▶ The problem
For the records below, copy exactly the span that begins at the line containing "Load image into" and stops after the line containing "Триггеры: JK-триггер JK-триггер", minus any pictures.

▶ Source records
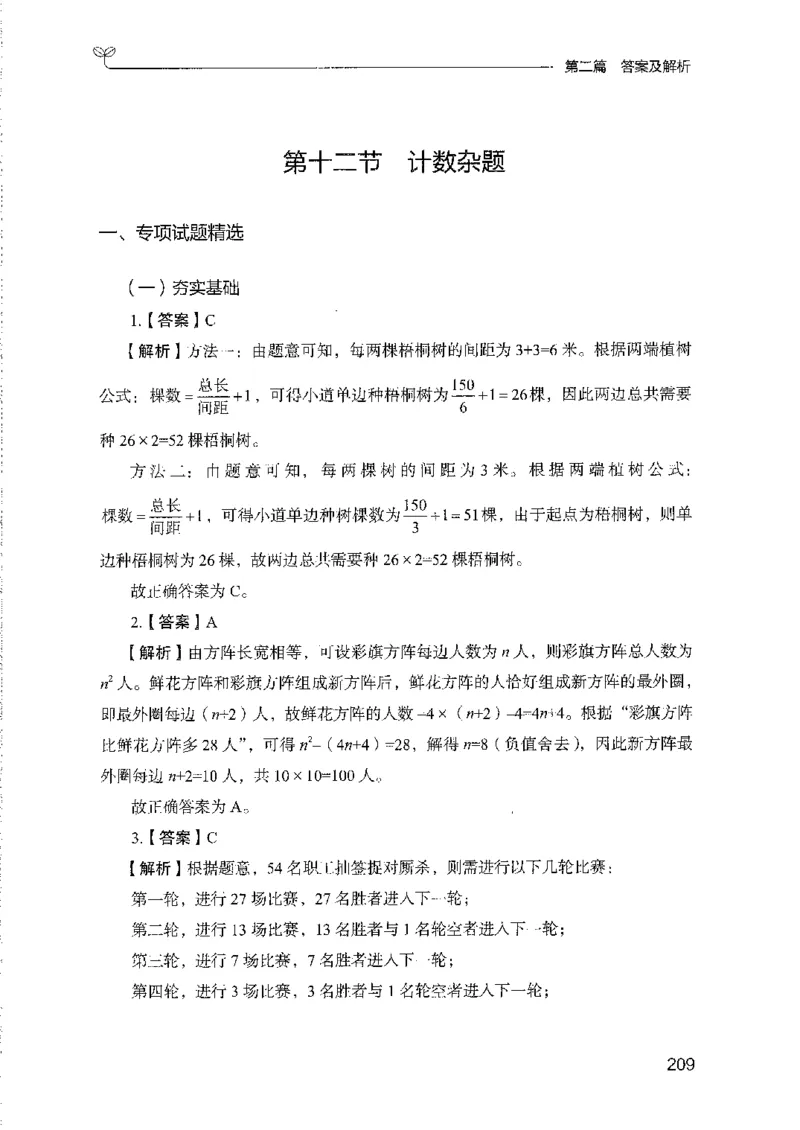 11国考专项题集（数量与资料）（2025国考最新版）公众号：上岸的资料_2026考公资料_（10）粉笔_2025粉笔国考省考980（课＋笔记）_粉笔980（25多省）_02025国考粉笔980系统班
* * *
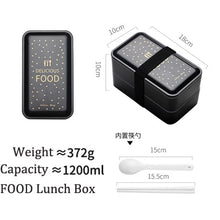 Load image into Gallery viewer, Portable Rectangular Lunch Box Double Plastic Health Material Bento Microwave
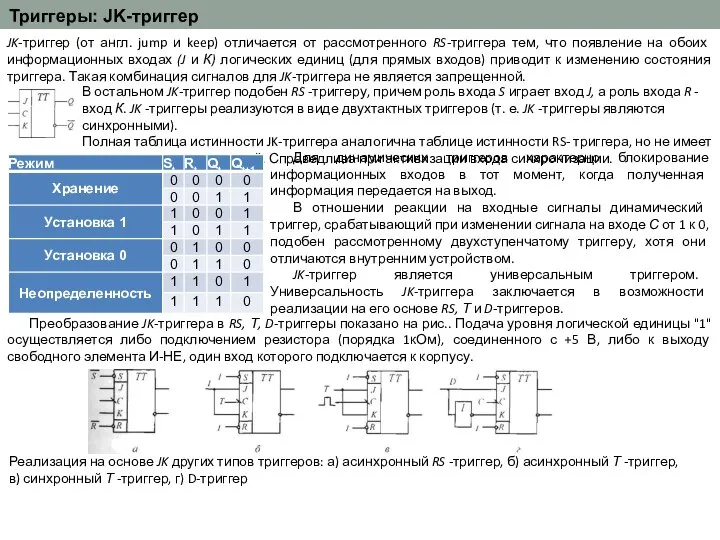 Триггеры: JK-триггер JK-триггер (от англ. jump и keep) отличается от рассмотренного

▶ Completed exercise
 Load image into Gallery viewer, Portable Rectangular Lunch Box Double Plastic Health Material Bento Microwave
 Триггеры: JK-триггер JK-триггер (от англ. jump и keep) отличается от рассмотренного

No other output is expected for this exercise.